Alan Rickman, directing his second feature after his 1997 play adaptation The Winter’s Guest, clearly aims for something that’s both an interesting and stylised costume drama, and by most accounts it’s a noble effort; Rickman does have a good directorial eye, recognising the need to show a character’s emotion through visual means rather than just explaining it straight to our faces (anything that hints at Winslet’s tragic past is very well done, coming to a head in a climactic scene that is powerfully paced and constructed). However, what he mostly ends up building is something more camp than perhaps was intended, with the flamboyance of the period shining through in the numerous wigs and velvet costumes its characters wear, and the very basic good and evil characteristics resembling those in a pantomime rather than anything else.

At the same time, though, there is a tight restraint on everything which lends itself little opportunity to stand out even at its most flamboyant. It is probably a film tailored to be enjoyed by King Louis XIV (Rickman), here played by Rickman in a supporting role that ironically threatens to overshadow everything else. It would be for good reason, too; anything that happens within the royal court, whether it be involving the King – who is front and centre in the most farcical scene, where he is mistaken by De Barra for a lowly gardener – or even his far camper brother Phillippe (Stanley Tucci, sorely underutilised in a role that sadly goes nowhere) is far more interesting than what the film tends to focus on, that being the development of a fountain on the grounds of Versailles, and especially the lead romance.

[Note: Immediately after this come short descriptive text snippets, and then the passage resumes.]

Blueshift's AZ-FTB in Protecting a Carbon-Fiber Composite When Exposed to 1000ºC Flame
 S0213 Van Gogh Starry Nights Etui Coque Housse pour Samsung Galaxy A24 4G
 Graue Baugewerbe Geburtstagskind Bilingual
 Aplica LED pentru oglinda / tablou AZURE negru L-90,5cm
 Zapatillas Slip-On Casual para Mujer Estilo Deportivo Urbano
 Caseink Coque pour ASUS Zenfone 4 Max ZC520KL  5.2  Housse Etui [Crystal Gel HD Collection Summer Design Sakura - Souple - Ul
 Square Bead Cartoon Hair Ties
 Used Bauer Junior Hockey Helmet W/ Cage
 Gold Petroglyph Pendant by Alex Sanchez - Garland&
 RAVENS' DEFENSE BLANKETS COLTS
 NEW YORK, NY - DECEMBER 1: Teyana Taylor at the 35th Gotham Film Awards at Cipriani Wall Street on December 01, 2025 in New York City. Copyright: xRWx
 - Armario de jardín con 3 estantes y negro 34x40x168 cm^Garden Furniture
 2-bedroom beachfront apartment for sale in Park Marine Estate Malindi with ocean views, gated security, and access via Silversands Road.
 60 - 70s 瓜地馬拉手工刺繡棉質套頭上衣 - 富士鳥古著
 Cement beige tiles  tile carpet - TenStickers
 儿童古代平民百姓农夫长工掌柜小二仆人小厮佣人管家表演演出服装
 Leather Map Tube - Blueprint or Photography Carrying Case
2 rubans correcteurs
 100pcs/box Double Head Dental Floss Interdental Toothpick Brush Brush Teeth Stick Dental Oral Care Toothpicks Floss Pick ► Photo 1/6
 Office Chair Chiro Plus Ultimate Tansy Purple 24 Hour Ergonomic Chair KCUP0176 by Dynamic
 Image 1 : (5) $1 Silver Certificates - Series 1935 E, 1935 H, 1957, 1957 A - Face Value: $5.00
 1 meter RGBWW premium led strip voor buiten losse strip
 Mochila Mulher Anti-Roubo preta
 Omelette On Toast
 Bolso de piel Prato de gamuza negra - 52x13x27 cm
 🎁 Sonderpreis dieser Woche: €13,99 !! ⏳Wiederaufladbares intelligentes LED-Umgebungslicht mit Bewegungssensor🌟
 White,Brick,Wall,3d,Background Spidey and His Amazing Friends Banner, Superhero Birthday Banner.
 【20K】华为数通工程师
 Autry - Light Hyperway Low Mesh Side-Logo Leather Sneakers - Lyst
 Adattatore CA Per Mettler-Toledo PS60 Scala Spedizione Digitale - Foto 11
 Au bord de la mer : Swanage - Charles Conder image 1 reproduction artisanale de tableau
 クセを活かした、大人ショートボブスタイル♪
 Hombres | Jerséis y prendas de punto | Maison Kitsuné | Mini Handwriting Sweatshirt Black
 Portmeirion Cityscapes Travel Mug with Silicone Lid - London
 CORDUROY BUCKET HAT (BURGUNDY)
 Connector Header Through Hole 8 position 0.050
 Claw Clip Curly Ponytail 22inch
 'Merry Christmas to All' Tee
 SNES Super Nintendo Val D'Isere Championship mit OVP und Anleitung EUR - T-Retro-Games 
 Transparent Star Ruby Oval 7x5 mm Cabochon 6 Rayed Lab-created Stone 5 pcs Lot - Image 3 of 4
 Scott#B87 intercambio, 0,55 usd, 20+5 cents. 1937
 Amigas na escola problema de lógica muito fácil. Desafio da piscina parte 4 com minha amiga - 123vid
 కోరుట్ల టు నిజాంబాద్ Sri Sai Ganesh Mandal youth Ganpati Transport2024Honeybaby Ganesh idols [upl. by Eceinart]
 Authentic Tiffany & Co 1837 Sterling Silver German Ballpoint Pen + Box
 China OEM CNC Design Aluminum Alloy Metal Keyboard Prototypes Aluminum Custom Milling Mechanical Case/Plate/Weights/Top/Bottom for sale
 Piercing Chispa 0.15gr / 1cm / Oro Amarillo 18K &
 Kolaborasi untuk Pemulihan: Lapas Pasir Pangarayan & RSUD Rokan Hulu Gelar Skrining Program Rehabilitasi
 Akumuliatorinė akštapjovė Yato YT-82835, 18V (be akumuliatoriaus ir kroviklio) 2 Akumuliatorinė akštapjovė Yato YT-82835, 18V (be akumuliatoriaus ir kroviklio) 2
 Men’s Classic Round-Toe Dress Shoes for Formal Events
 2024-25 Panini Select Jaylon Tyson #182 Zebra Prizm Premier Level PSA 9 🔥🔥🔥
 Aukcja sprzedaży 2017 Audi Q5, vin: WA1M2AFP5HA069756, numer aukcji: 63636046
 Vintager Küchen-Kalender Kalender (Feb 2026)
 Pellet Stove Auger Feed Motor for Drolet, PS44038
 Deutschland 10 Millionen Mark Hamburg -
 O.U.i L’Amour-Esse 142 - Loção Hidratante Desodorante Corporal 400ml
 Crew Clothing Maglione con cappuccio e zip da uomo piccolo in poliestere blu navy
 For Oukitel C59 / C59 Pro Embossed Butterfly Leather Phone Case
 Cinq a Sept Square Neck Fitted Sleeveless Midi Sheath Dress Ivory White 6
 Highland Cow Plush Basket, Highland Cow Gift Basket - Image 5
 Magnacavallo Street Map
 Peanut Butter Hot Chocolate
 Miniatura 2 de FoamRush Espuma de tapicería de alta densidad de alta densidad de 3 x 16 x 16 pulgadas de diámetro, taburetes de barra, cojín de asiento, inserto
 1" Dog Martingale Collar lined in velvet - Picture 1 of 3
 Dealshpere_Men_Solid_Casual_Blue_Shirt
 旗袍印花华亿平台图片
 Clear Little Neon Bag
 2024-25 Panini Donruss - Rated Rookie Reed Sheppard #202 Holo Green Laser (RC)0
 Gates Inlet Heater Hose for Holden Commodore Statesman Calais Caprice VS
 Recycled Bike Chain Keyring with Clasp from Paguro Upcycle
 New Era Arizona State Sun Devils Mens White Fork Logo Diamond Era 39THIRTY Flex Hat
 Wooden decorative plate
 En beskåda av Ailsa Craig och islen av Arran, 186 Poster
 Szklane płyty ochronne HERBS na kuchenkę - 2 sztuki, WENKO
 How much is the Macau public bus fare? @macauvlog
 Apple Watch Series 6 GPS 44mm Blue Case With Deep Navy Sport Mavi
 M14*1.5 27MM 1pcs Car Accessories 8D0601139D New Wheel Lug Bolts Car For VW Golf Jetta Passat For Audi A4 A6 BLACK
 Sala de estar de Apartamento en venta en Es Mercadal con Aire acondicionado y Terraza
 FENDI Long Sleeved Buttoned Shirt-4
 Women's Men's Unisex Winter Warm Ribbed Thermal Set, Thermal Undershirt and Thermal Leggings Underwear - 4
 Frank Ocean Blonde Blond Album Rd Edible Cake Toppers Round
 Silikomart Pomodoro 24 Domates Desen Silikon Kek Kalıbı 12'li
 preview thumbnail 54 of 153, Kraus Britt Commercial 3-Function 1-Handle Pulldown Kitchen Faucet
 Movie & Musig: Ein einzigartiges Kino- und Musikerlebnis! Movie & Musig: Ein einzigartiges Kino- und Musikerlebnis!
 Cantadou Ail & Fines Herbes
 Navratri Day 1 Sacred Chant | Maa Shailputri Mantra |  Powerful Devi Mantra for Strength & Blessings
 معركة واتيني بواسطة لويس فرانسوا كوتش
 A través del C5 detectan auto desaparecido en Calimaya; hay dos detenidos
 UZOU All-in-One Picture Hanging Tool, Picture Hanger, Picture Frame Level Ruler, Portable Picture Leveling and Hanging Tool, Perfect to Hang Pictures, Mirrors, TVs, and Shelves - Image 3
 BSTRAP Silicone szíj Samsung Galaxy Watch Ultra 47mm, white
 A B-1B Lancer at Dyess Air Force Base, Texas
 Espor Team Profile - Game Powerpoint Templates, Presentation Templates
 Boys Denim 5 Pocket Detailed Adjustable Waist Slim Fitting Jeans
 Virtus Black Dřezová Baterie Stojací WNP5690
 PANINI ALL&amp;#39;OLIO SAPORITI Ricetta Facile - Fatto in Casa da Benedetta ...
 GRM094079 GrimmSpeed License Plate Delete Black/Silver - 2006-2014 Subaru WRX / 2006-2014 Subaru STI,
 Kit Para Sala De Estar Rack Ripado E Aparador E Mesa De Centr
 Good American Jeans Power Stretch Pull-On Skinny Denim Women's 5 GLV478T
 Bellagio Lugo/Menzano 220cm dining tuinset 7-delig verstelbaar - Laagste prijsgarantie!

Regarding the latter, it is where the film tends to lose its way quite severely. Winslet herself is serviceable, but Schoenaerts – having already proven to be a fine enough actor thanks to turns in Bullhead, Rust and Bone, Suite Française and the upcoming Far From The Madding Crowd – is trapped in an utterly bland performance, perhaps his least impressive to date. With the long hair, striking facial features and composed stance, it’s clear that Rickman sees Le Nôtre as more of a common romantic lead than the accomplished landscape architect that he was, which is a vision that Schoenaerts seems to disagree with and, in retaliation, sleepwalks through the role as emotionless as is possible. It’s more than likely that this is down to Rickman’s direction because, as we’ve made clear, he has done very good work in the past and is likely to do so in the future, but for whatever reason he’s not given the free reign to shine here as he should. Schoenaerts’ lack of emotion hurts the impact of the central romance badly, as it prevents him from developing any chemistry with Winslet which makes their eventual moments of passion even more unremarkable. The fact that De Barra is a strictly fictional character as opposed to someone like Le Nôtre who really existed is also worrying, as it strays from likely historical accuracy to tell a simple love story in 1600s Versailles, which might be harmful to the legacy of the real people involved.

Helen McCroy, meanwhile, is left with no choice but to ham it up as Le Nôtre’s villainous and controlling wife, who chastises her husband for his flirting yet hypocritically has her own relations with other men, and then later floods the in-development fountain that De Barra is working on (because, erm, evil). All that’s missing is a thin, twirled moustache on her upper lip, that’s how much of a cartoon villain she is portraying here; and it’s strange too, because there’s not a lot to be found about her real-life counterpart to compare it with, so it’s unclear whether it’s an entirely accurate portrayal or doing the real Madame Françoise Le Nôtre a major disservice.

Take it for what it is, but don’t expect much in the ways of chaos in A Little Chaos, except for perhaps an ill-judged romance and confident but unbalanced direction by Rickman.


A Little Chaos looks handsome, but although Alan Rickman is a competent director he finds problems with balancing the camp and flamboyant nature of the story, instead focusing on an uninteresting main romance.